Martín Alonso, como Reyes Mate, habla de la invisibilidad de las víctimas de ETA en la sociedad vasca hasta recientemente, a lo que añade que «de la invisibilización se ha pasado a la indiferenciación, del negacionismo crudo a un negacionismo posmoderno que distribuye solidariamente las responsabilidades» (124). Acusar a los otros de también haber asesinado no aligera ni disminuye las responsabilidades de lo propio. Los crímenes del GAL, la tortura y los casos de represión por parte de las fuerzas de seguridad del estado son innegables, inexcusables y exigen reparación. También creo que la política de dispersión de presos es, más allá de la discusión sobre su vigencia legal, un castigo innecesario a las familias afectadas. Pero esa realidad no quita peso a la violencia de ETA y su entorno, no borra el pasado, no da carta blanca, no pone el contador a cero.

Manifestación por la libertad de Jose María Aldaia (secuestrado durante 347 días), detrás la contramanifestación abertzale. Fuente: Informe Foronda
Alonso nos recuerda que en nuestra tierra, en esta Arcadia vasca que defienden los Ibarretxe, han pasado cosas muy graves, que la crueldad con la que se ha tratado a las víctimas y su entorno ha sido feroz, no ya por parte de las instituciones, sino también del conjunto social. Un repaso de barbaridades: Cuando Julio Iglesias Zamora estaba secuestrado, para contrarrestar la campaña del lazo azul de Gesto por la Paz, los borrokas hicieron «la contracampaña del lazo verde, acompañado de la pegatina ‘Julio paga’«; no nos podemos (o no deberíamos) olvidar esas contra-manifestaciones en respuesta a las que se organizaban para protestar contra secuestros o asesinatos, en las que los pro-etarras llamaban asesinas a las viudas de los asesinados o pedían la libertad del pueblo vasco frente a la de la persona que agonizaba en un zulo; ahí estaban las pintadas amenazantes en nuestros pueblos, la quema de coches, casas y negocios particulares de concejales del PP o del PSOE, la negativa continuada a condenar asesinatos y secuestros por parte de los representantes de Herri Batasuna y todas sus posteriores marcas.
Voy a reproducir aquí la cita con la que Alonso cierra su artículo:
«Algunos hemos tardado demasiados años en llamar asesinatos a los asesinatos.
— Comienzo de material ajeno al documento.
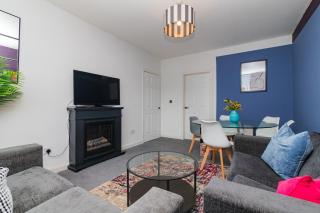 Modern And Vibrantly Designed Apartment - Motherwell - 5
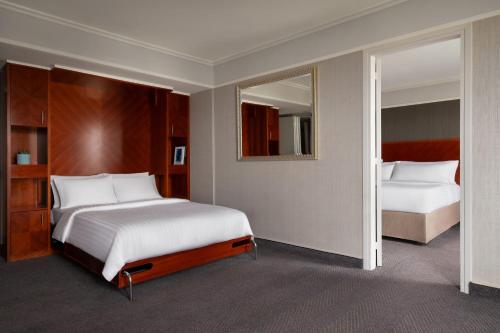 Suite Familiar del hotel Paris Marriott Rive Gauche and Conference Center. Foto 2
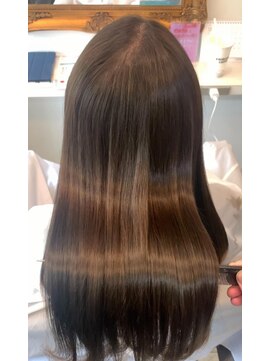 アルーシェ 錦糸町店(Alushe) 髪質改善トリートメントで艶々に！【髪質改善/錦糸町】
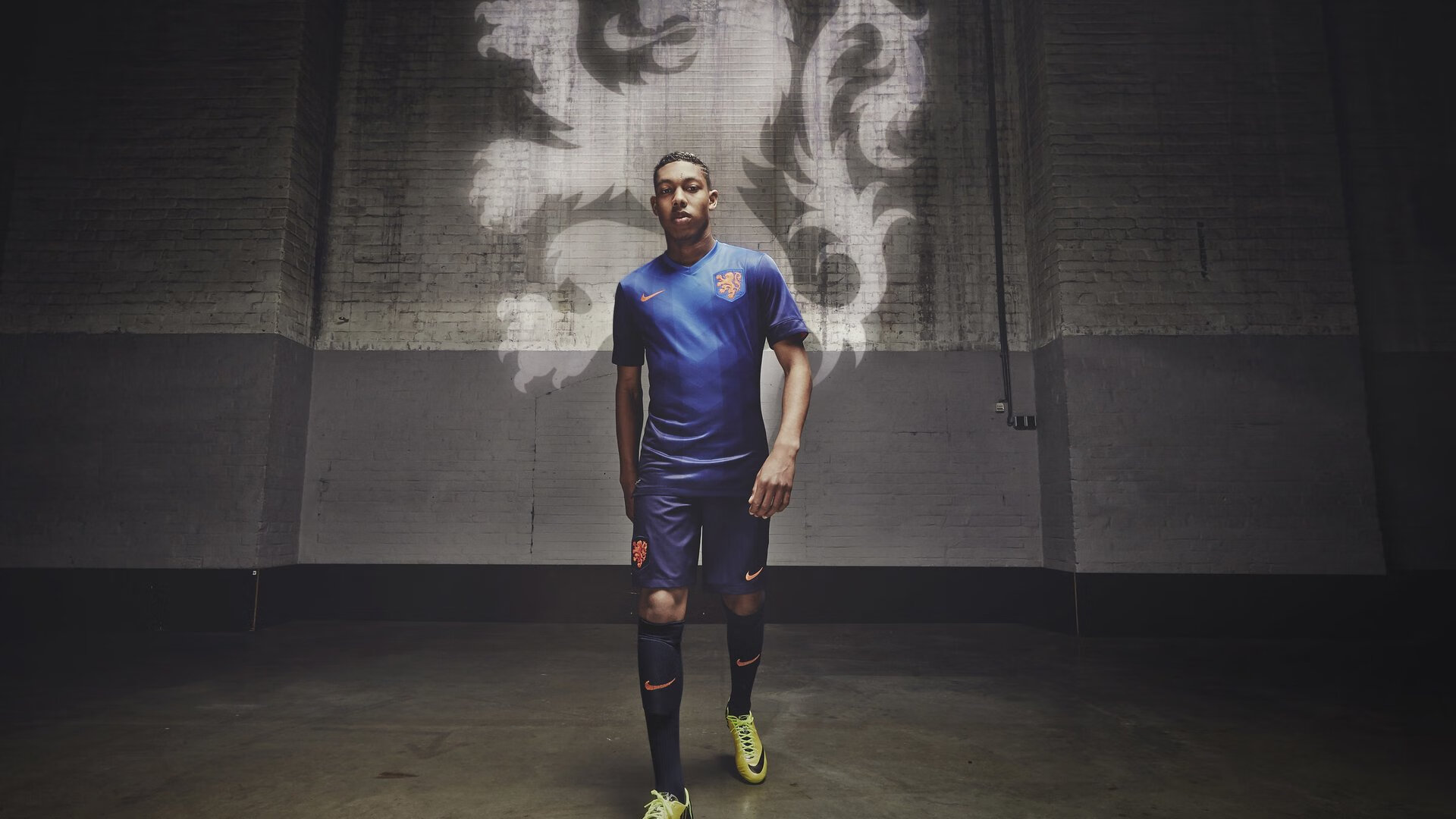 “彭尤蝶泳挑战世界纪录，中国泳坛新力量崛起”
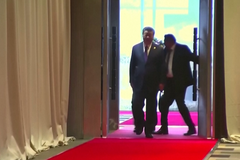 Ochranka v Jihoafrické republice skolila Si Ťin-pchingova překladatele, vypadal prý podezřele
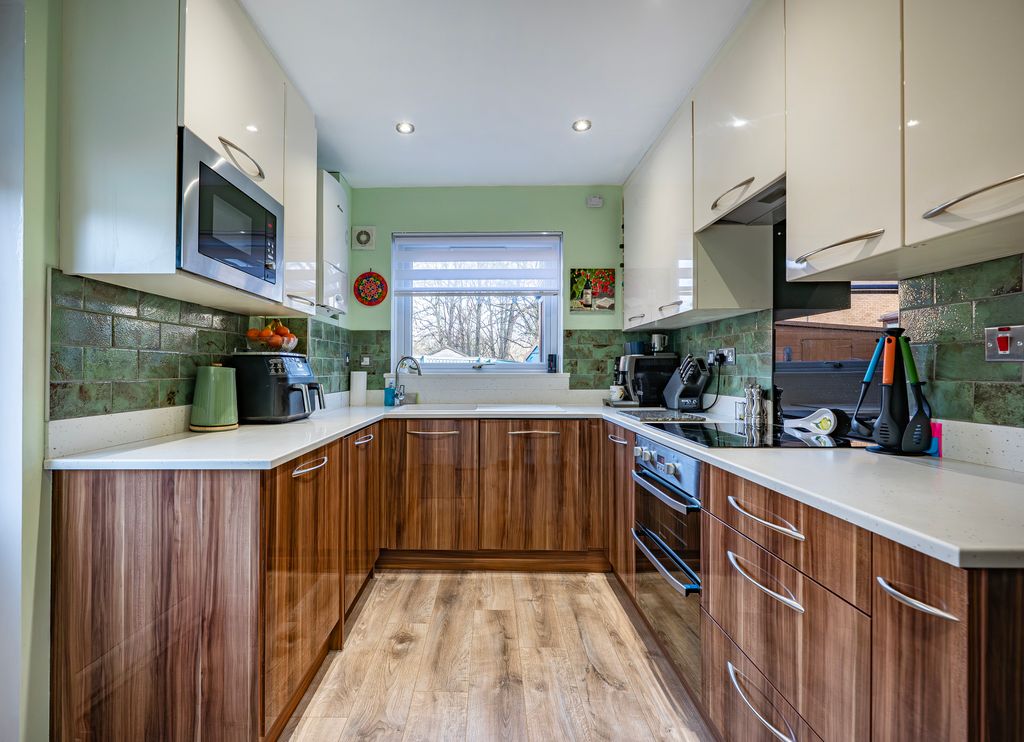 Property photo 3 of 34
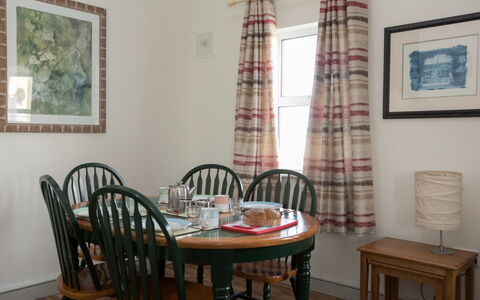 Spanish Cove(Tr4) D4 (Sleeps 5): Mueble, Diseño De Interiores, Madera, Piso, Silla, Textil, Mesa, Suelo, Comedor, Encendiendo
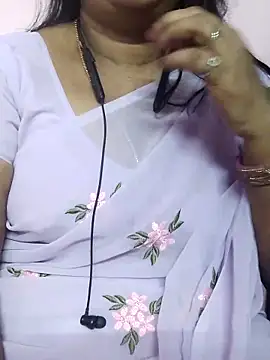 Snapshot of Tamil_Azhaghi25 chatting on February 1, 2026, 5:44 pm Tamil Azhaghi25 online show from February 1, 2026, 5:44 pm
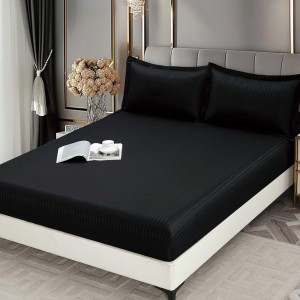 Cearsaf cu Elastic 180x200 cm Damasc Finetat, 70% Bumbac, si 2 Fete de Perna 50x70 cm, Negru Cearsaf cu Elastic 180x200 cm Damasc Finetat, 70% Bumbac, si 2 Fete de Perna 50x70 cm, Negru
Otros hacen aún difíciles equilibrios, retorcidos juegos de palabras y complicadas charadas parapolíticas para no llamar a cada cosa por su nombre y para evitar el choque inevitable con el militarismo etarra en nombre de una sociedad civil y democrática. Al fin y al cabo, ETA es muy nuestra. ETA es vasca y lucha por el pueblo vasco […].»
Si no fuera un artículo de Luciano Rincón, que murió en 1993, pensaría que se ha escrito ahora, ayer, hace cinco años. Pues no, lo publicó en El País en 1983. Me ha estremecido pensar que hace más de treinta años la cosa estaba tan clara para algunos y tan poco clara para otros. En ese sentido, las cosas no han cambiado demasiado. Pero cientos de personas han muerto desde que Rincón escribió ese artículo. Cientos. Y parte de la sociedad vasca, todavía, no es capaz de llamar asesinatos a los asesinatos, asesinos a los asesinos.